Voltei pro canal da baixaria para a senhora. Podem ver o programa de vocês. Eu
vou trabalhar no meu quarto, com licença.
—
Mas eu concordo com você, Astolfo. Os programas de hoje estão uma baixaria só.
Estão insuportáveis. Colocar criança para fazer dança sensual no poste é um
atentado contra a moral e os bons costumes. Disse, seu Geraldo, militar
reformado, apoiando o genro, tentando quebrar o mau clima.
—
Eu também não discordo de você, meu filho. Mas não tem nada para ver na
televisão. Pode desligar.
—
Não, não, não. Me perdoa mesmo. Pode ver o seu programa.

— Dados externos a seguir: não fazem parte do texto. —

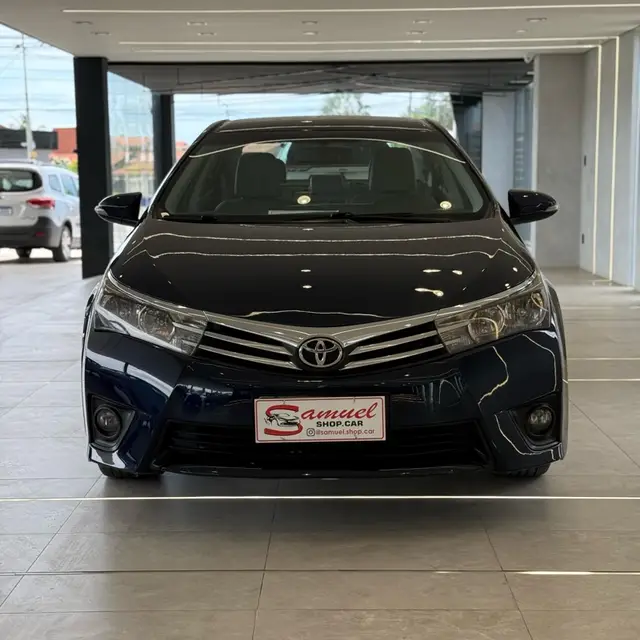 Carro Toyota Corolla 2015 2.0 XEi Multi-Drive S (Flex)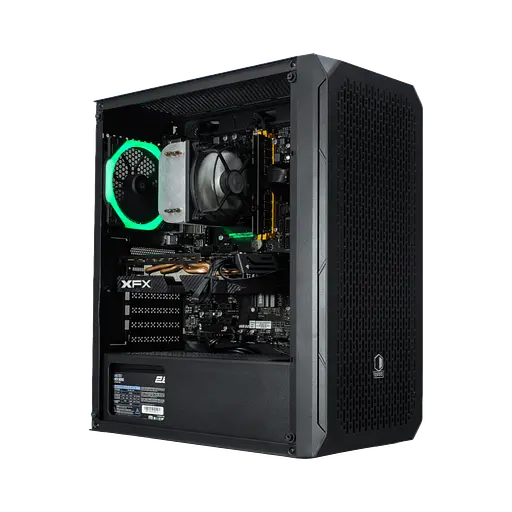 Игровой ПК Tera Offer v3 (RX 590/i5 6400/DDR4 16GB/SSD 512GB) - фото 1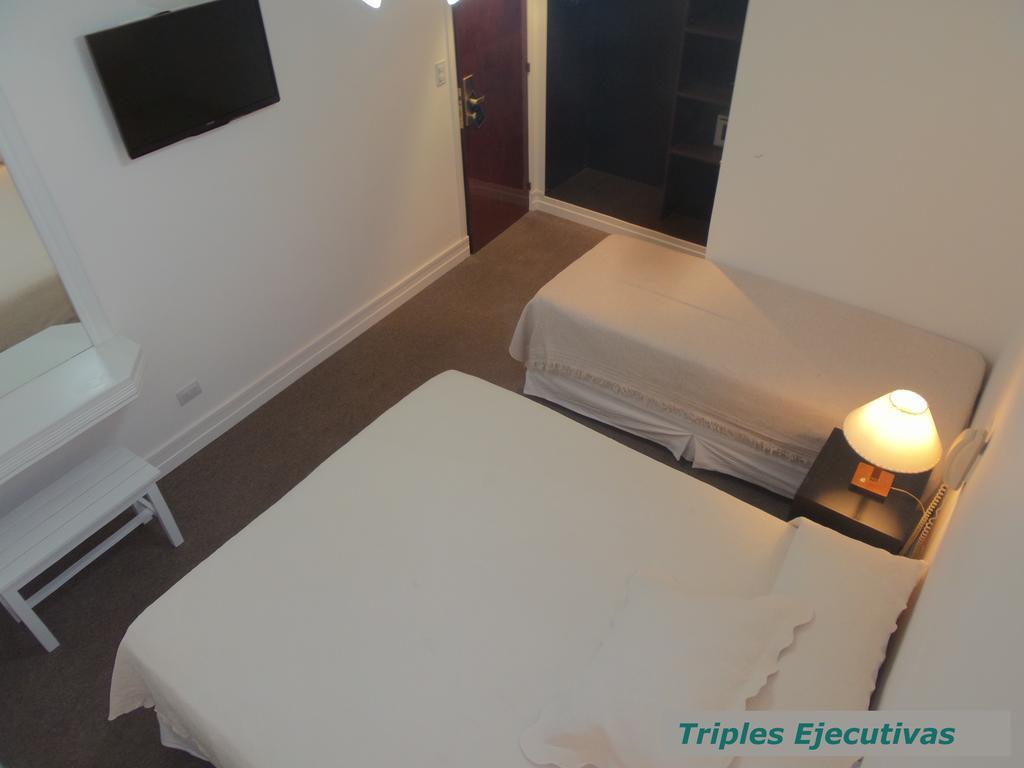 Hotel Corbel Superior มาร์เดลปลาตา ภายนอก รูปภาพ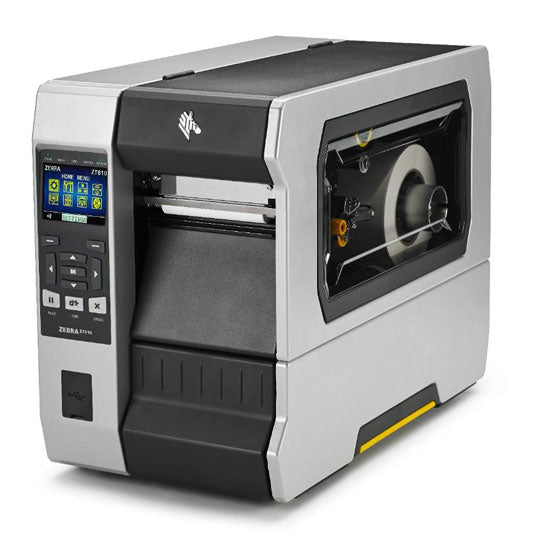 ZT61043-T01A100Z - Zebra ZT610 4-Inch 300dpi Thermal Transfer Industrial Label Printer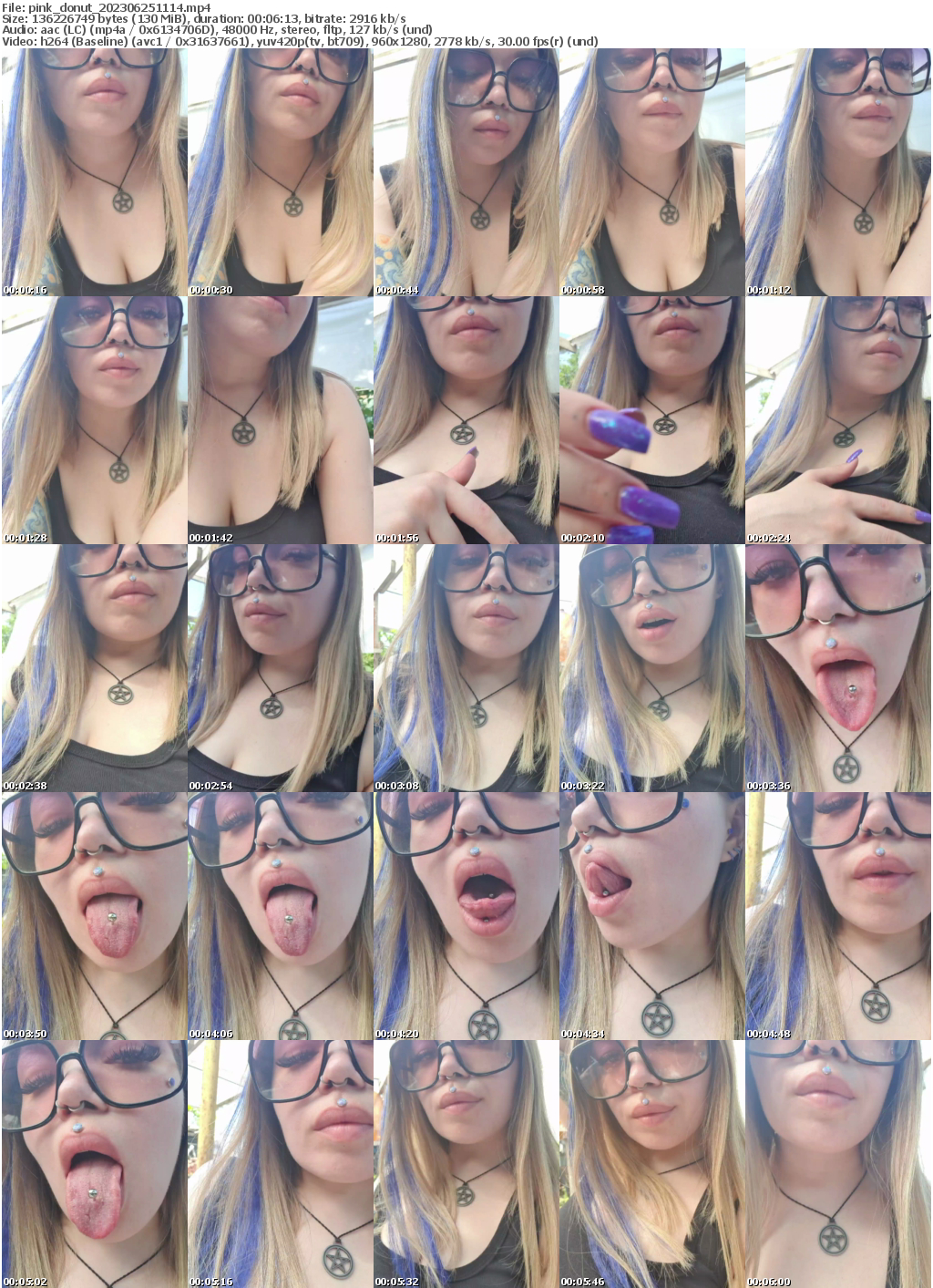 Preview thumb from pink_donut on 2023-06-25 @ bongacams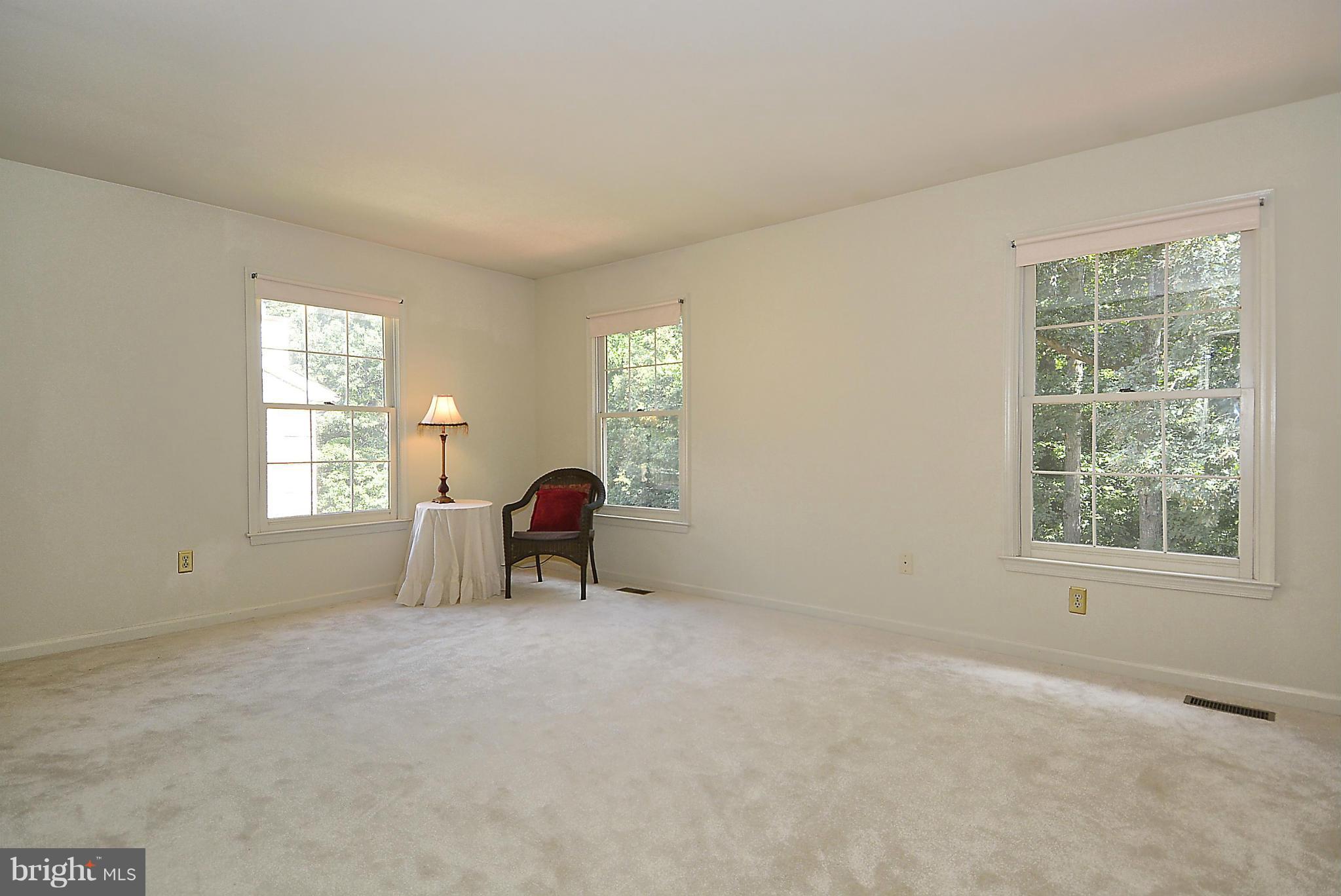 6277 Rathlin Drive Springfield, VA 22152 - Photo 10 of 30 an empty room with windows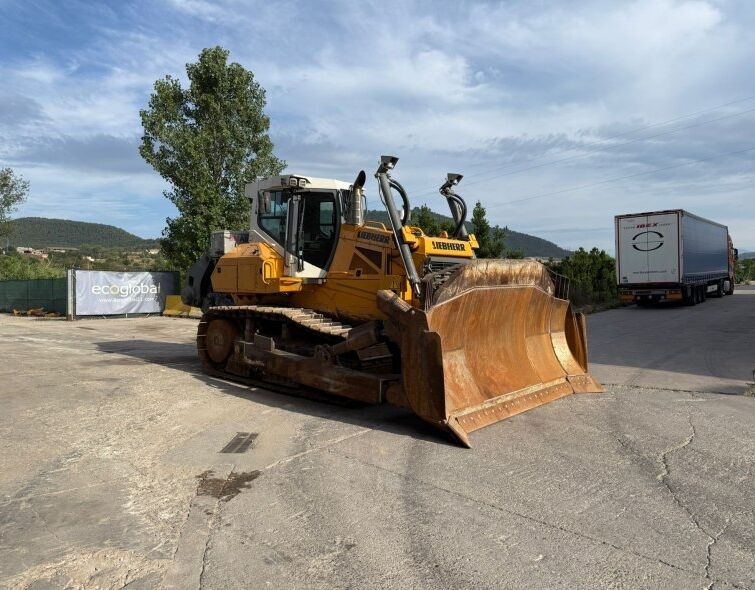LIEBHERR PR 746 L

Disse, quase se
ajoelhando para se desculpar.
Abatido
consigo mesmo por ter aborrecido os sogros, Astolfo se retirou da sala, com a
sua bengala, sob o olhar revoltado de Mariana. A televisão continuou ligada.
No
quarto, tentava se concentrar no artigo sobre poluição sonora que precisava
entregar para uma revista, mas era incomodado por gritos estridentes de crianças
que brincavam na portaria do prédio. O remorso que sentia pelos sogros já
atrapalhava a sua concentração. Estressado, chegou à janela e gritou:
—
EI, DÁ PRA VOCÊS CALAREM A BOCA AÍ???? ESTÃO PARECENDO MARITACAS! NO MEU TEMPO
CRIANÇA BRINCAVA, MAS NÃO FAZIA TANTA ALGAZARRA!
Da
sala, Mariana ouviu, já prestes a explodir, a mais uma reclamação do marido.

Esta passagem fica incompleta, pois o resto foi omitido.